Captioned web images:
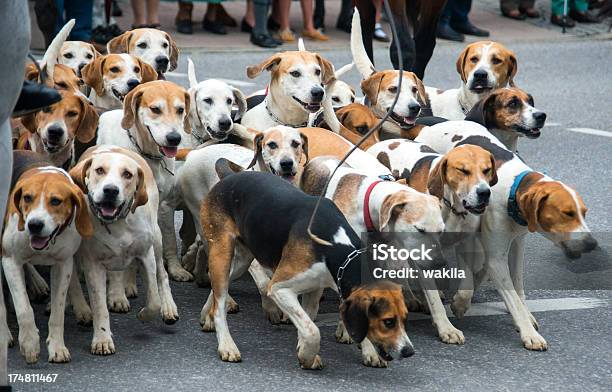 Pronto Per Molti Cani Da Caccia Rudel Hunde - Fotografie stock e altre immagini di Allerta - Allerta, Ambientazione esterna, Animale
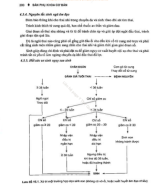 01. (P2) (YDK - DD - HS) Sản phụ khoa cơ bản.pdf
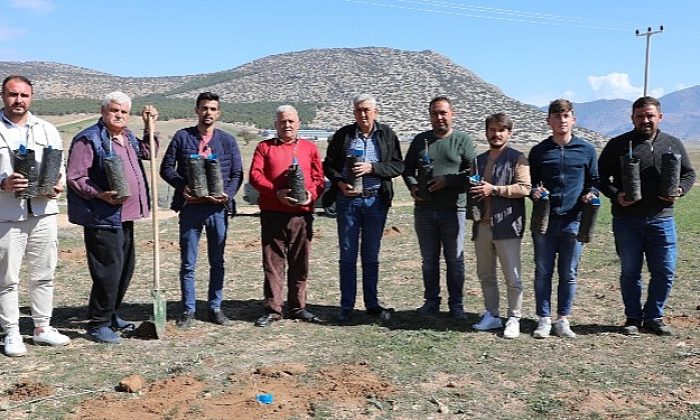 Korkuteli’de antepfıstığı yetiştiriciliği yapılacak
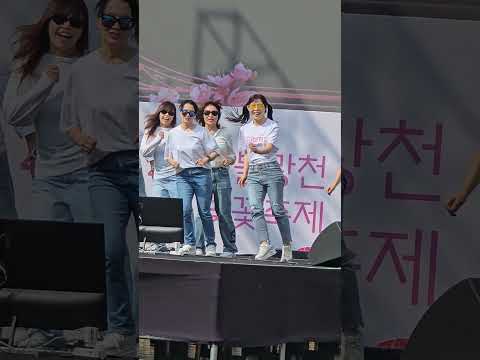 은평셔플노리터 2026 불광천 벚꽃축제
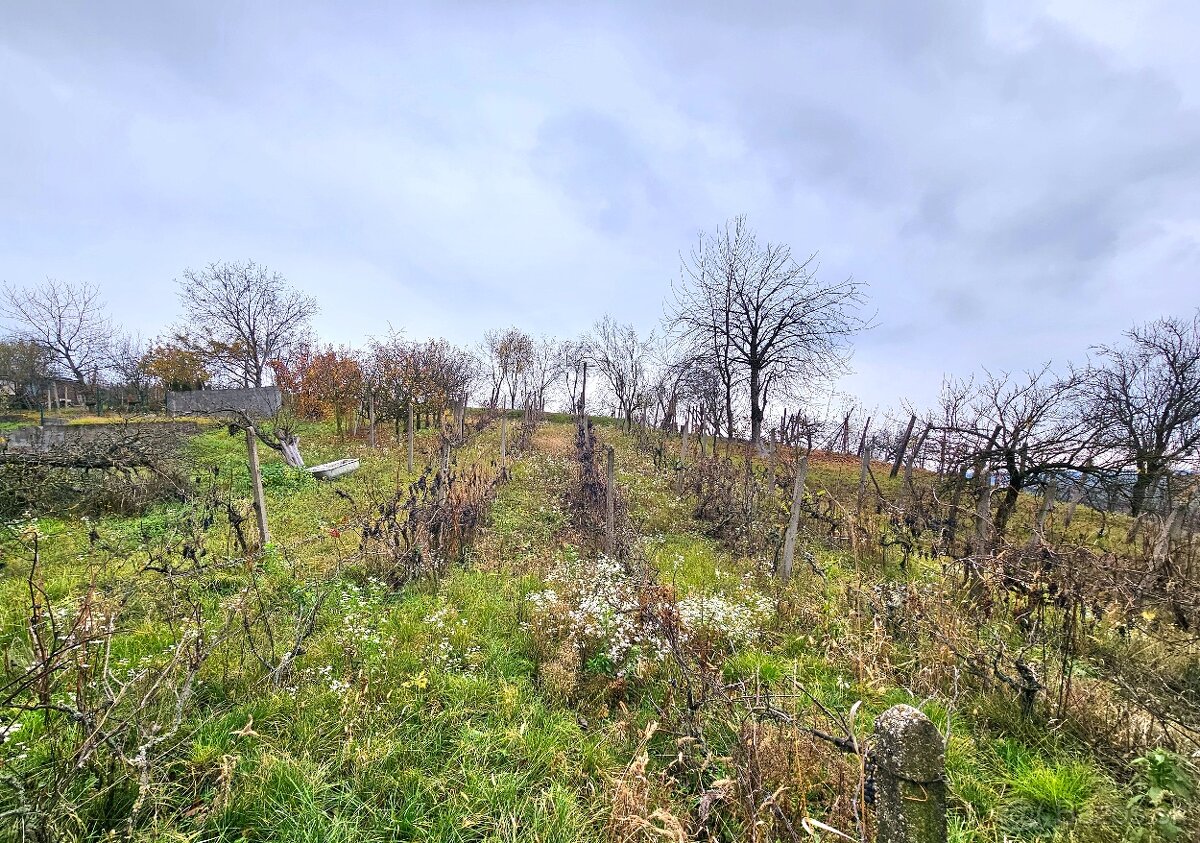 Rekreačný pozemok s vinicou Staré Levice - 2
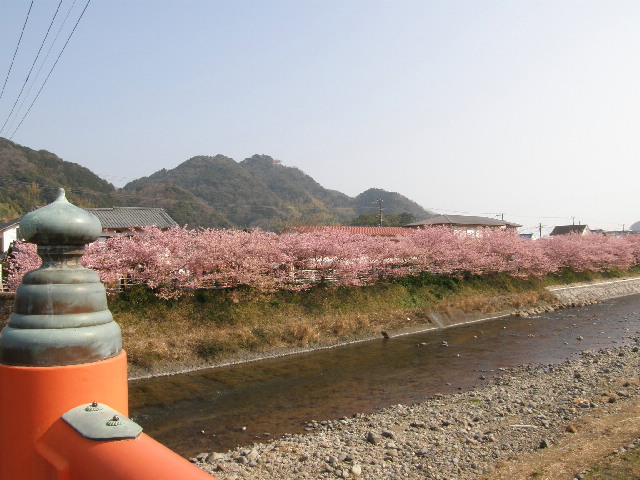 河津桜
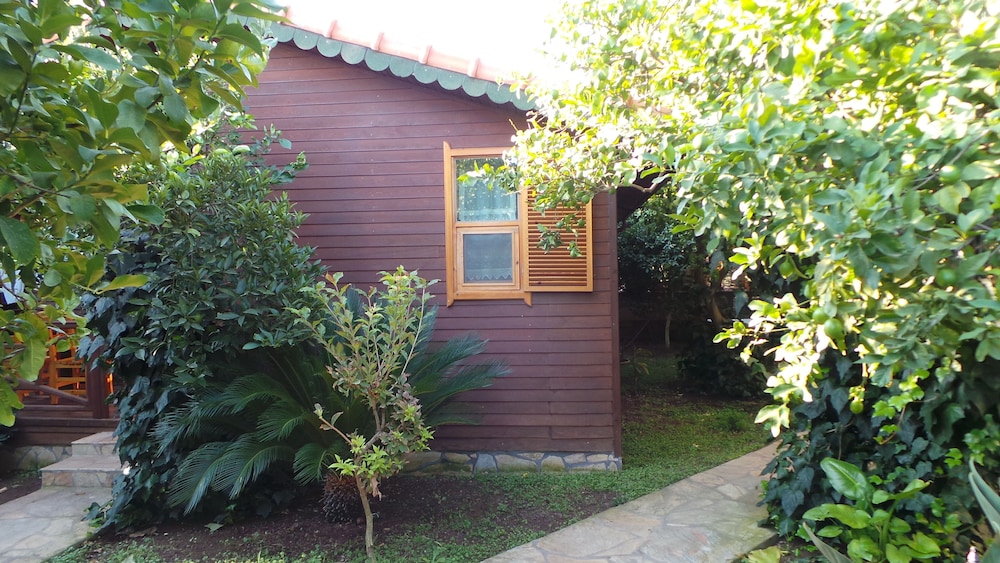 Mercan Bungalow酒店(Mercan Bungalow) 图片1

PROBLEM TO WORK ON:
Please repeat the entries exactly. Do not include the pictures.

EXPECTED OUTPUT:
 Pronto Per Molti Cani Da Caccia Rudel Hunde - Fotografie stock e altre immagini di Allerta - Allerta, Ambientazione esterna, Animale
 01. (P2) (YDK - DD - HS) Sản phụ khoa cơ bản.pdf
 Korkuteli’de antepfıstığı yetiştiriciliği yapılacak
 은평셔플노리터 2026 불광천 벚꽃축제
 Rekreačný pozemok s vinicou Staré Levice - 2
 河津桜
 Mercan Bungalow酒店(Mercan Bungalow) 图片1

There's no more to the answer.